Mónica Mancini, conocida en el mundo digital como @moni.datadeabuela, declaró ante la Justicia y brindó un testimonio escalofriante sobre el robo que sufrió en su casa de Martínez. La influencer de 82 años reveló que sus propios seguidores —en este caso, delincuentes que la monitoreaban— utilizaron la información de su cuenta de Instagram para planificar el ataque y torturarla psicológicamente.
El calvario comenzó el pasado 9 de enero, apenas horas después de que Mónica publicara una «historia» anunciando que había regresado de un viaje a Barcelona. Esa misma noche, los asaltantes ingresaron a su vivienda mientras ella dormía.
«Sabían todo de mí por Instagram»
Lo más impactante del relato de Mancini fue la forma en que los delincuentes utilizaron su fama digital como arma de presión. «Me decían: ‘Vos, la abuela de los videos, la que canta, cocina y hace poesías'», declaró ante el fiscal.
Incluso, uno de los atacantes le mostró su propio perfil de Instagram desde un celular para exigirle un collar específico que ella lucía en una foto. La vulnerabilidad de tener el perfil abierto fue la llave que los ladrones usaron para entrar en su vida privada: «Sabían todo por tener mi Instagram abierto, conocían mis movimientos», sentenció la mujer.
Amenazas con agua caliente y un escape agónico
El robo no solo fue patrimonial —se llevaron euros, efectivo y accedieron a sus cuentas bancarias— sino extremadamente violento. Mancini relató que la amenazaron con arrojarle agua caliente si no revelaba dónde escondía más valores.
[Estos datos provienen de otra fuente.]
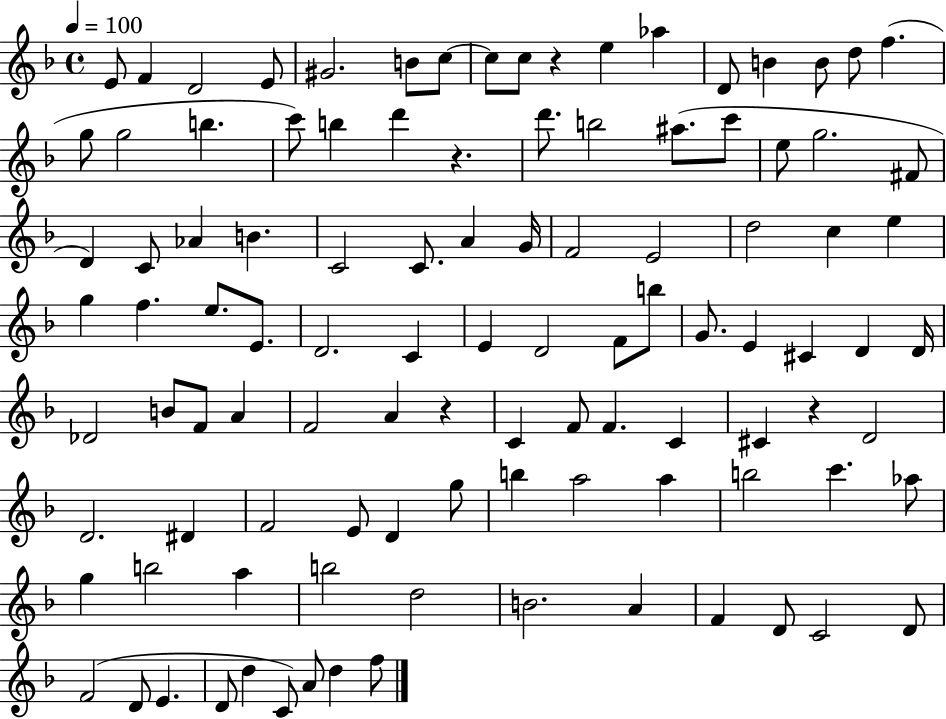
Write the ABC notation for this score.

X:1
T:Untitled
M:4/4
L:1/4
K:F
E/2 F D2 E/2 ^G2 B/2 c/2 c/2 c/2 z e _a D/2 B B/2 d/2 f g/2 g2 b c'/2 b d' z d'/2 b2 ^a/2 c'/2 e/2 g2 ^F/2 D C/2 _A B C2 C/2 A G/4 F2 E2 d2 c e g f e/2 E/2 D2 C E D2 F/2 b/2 G/2 E ^C D D/4 _D2 B/2 F/2 A F2 A z C F/2 F C ^C z D2 D2 ^D F2 E/2 D g/2 b a2 a b2 c' _a/2 g b2 a b2 d2 B2 A F D/2 C2 D/2 F2 D/2 E D/2 d C/2 A/2 d f/2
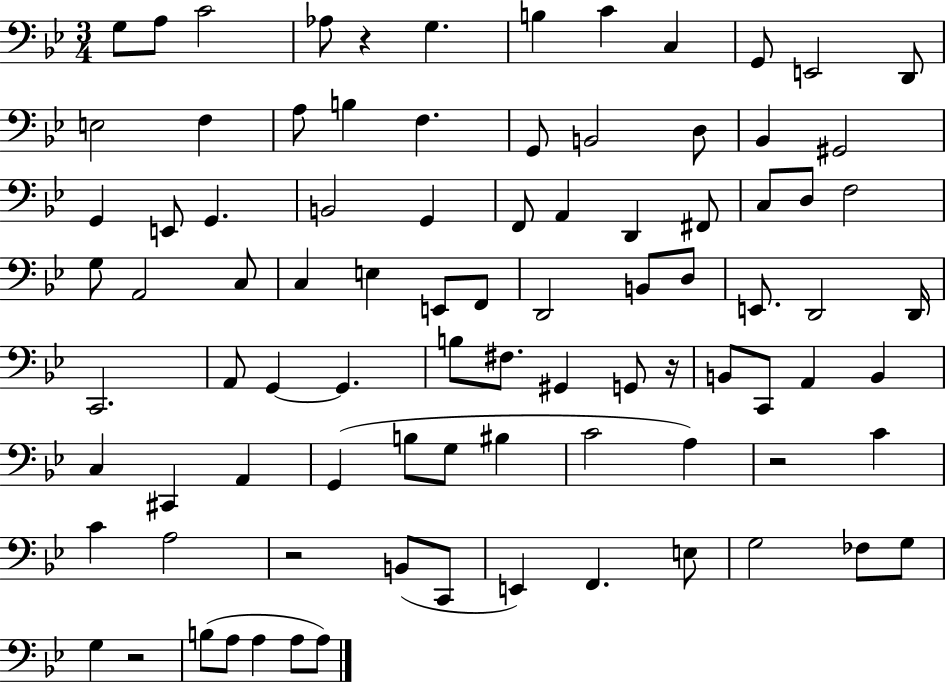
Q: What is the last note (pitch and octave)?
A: A3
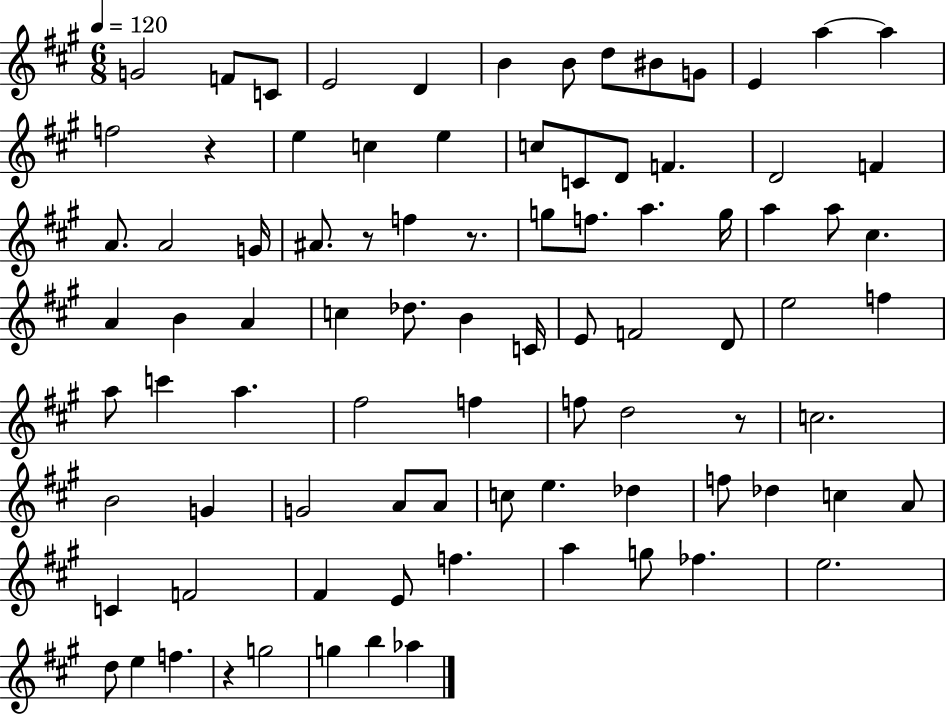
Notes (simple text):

Antes de huir, los delincuentes la dejaron atada de pies y manos. La abuela influencer tuvo que esperar hasta las 6 de la mañana para lograr soltarse y, arrastrándose por el pasillo, alcanzar un teléfono fijo para pedir auxilio.
La conexión con la «Banda del Millón»
La investigación judicial dio un giro alarmante al determinar que el asalto habría sido coordinado desde el interior de una cárcel por integrantes de la Banda del Millón, quienes daban instrucciones en tiempo real a los ejecutores en la casa de Martínez.
El caso de Mónica Mancini enciende una luz de alerta sobre la seguridad digital: cómo una publicación inocente sobre un regreso al país o una foto con una joya puede convertir a cualquier usuario en el blanco perfecto de organizaciones criminales que operan desde las sombras.